Police have arrested the father and a family friend of Adeniyi Adeyemi, the fugitive and disowned Director-General of the disputed Presidential Foreign Intervention Promotion Council, in Osogbo, even as the Office of the Accountant-General of the Federation disputed claims that the controversial council ever had a functioning CBN account.
Human rights lawyer Femi Falana disclosed the arrest, saying police stormed the family’s residence in Ogbomoso and took away Adeyemi’s father along with a visiting family friend. “Police have now stormed the house of the parents of Prince Adeyemi Adeniyi… The father has been arrested. There is no legal basis for substituted arrests. The young man has promised to show up in court, so why arrest his father?” Falana said. Neighbours confirmed the account, with one resident describing officers arriving in four vehicles and taking the father away without allowing anyone to intervene, leaving Adeyemi’s mother in shock. Oyo Police Command spokesperson DSP Ayanlade Olayinka said the matter falls outside his jurisdiction, directing inquiries to the Force Criminal Investigation Department in Abuja, which is handling the case as one of national interest.
The arrest came the same day the OAGF pushed back against the Presidency’s earlier account of how the council’s finances worked. Presidential spokesman Bayo Onanuga had said Adeyemi fraudulently opened a CBN account by misleading the OAGF using fake documents, while maintaining no government money was ever transferred into it.

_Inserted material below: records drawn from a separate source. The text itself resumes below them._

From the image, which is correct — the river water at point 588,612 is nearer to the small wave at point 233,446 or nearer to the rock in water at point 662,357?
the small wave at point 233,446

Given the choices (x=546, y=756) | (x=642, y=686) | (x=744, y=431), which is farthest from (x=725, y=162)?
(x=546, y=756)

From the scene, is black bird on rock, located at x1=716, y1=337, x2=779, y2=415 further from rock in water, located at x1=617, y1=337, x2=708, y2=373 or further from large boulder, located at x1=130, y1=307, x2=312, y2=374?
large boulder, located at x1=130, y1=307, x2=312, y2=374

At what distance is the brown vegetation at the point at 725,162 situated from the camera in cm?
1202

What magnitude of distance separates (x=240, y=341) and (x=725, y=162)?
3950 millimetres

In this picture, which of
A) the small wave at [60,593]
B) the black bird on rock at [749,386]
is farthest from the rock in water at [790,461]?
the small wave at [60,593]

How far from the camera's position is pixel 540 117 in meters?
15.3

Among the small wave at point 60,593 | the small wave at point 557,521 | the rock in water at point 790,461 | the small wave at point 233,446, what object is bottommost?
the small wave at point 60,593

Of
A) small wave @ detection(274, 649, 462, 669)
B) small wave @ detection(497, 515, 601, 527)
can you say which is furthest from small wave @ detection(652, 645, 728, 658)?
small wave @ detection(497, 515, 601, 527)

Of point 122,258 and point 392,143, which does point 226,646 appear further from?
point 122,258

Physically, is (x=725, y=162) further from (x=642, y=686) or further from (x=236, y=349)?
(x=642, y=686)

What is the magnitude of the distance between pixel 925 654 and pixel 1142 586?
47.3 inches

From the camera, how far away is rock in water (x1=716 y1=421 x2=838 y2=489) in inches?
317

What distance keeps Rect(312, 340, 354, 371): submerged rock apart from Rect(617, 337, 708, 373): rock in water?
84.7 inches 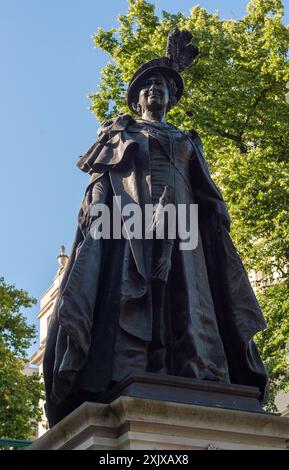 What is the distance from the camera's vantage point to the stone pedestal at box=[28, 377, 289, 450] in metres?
5.37

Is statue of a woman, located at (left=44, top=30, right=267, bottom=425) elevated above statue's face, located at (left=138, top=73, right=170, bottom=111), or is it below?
below

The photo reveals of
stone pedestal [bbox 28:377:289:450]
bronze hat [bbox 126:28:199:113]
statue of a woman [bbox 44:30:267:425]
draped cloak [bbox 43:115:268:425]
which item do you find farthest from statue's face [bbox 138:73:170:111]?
stone pedestal [bbox 28:377:289:450]

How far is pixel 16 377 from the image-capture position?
2334 centimetres

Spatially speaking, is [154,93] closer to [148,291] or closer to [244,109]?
[148,291]

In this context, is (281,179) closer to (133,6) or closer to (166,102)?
(133,6)

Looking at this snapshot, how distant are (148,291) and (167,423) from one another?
1.19 m

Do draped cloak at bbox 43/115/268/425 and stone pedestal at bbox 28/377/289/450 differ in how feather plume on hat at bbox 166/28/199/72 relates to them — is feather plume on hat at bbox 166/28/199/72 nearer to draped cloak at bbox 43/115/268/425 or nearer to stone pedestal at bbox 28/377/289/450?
draped cloak at bbox 43/115/268/425

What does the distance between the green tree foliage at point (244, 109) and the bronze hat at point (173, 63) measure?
10.1 metres

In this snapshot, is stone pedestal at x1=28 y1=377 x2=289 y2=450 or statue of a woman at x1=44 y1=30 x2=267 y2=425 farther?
statue of a woman at x1=44 y1=30 x2=267 y2=425

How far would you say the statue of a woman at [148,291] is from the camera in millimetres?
6125

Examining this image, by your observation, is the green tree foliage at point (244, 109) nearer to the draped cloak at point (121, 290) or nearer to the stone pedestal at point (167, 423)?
the draped cloak at point (121, 290)

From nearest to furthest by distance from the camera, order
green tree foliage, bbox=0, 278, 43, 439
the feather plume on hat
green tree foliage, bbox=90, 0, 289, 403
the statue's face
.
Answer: the statue's face, the feather plume on hat, green tree foliage, bbox=90, 0, 289, 403, green tree foliage, bbox=0, 278, 43, 439

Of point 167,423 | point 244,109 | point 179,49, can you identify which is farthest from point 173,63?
point 244,109

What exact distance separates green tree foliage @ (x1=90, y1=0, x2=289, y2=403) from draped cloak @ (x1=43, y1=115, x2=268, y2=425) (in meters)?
11.0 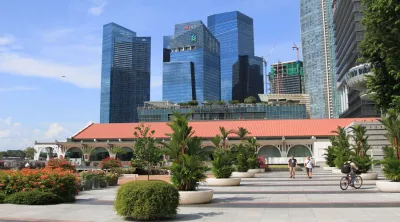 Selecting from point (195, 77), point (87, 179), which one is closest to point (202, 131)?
point (87, 179)

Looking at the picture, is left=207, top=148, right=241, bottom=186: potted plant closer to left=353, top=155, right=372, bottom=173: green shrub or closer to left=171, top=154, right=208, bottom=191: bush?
left=171, top=154, right=208, bottom=191: bush

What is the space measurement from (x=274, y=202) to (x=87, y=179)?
40.3 ft

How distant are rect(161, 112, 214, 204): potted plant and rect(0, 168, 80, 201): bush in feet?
15.8

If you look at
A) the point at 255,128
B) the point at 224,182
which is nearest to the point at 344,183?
the point at 224,182

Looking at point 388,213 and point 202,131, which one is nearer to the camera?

But OAGF Director of Public Relations Bawa Mokwa said the account was never actually activated, an application was initiated after Adeyemi presented an appointment letter tied to an existing agency, but it stalled because the required list of authorised signatories was never submitted. “The account has not seen the light of day. It has not received one kobo because it was never fully activated,” Mokwa said, adding that a budgetary allocation in the Appropriation Act does not automatically translate into released funds.
Mokwa also dismissed claims that the council had paid staff salaries, explaining that no federal agency can process payroll without approvals from the Federal Character Commission, Budget Office and Federal Civil Service Commission, none of which the PFIPC obtained. He said Adeyemi employed no staff beyond officers deployed from the OAGF itself, who will now serve as prosecution witnesses.
The council was allocated ₦1,302,978,784 in the 2026 budget, split across personnel, overhead and capital costs, an allocation that has fuelled the broader controversy since the Presidency insists the agency never legally existed. Adeyemi is facing forgery and impersonation charges before a Federal High Court in Abuja, a case Falana has argued should be resolved strictly through due process rather than actions against his family. The scandal, which surfaced after the Nigerian Investment Promotion Commission flagged overlapping functions in October 2025, has since drawn calls from opposition figures including Atiku Abubakar and Peter Obi for an independent panel to investigate how a disowned agency ended up funded in the national budget.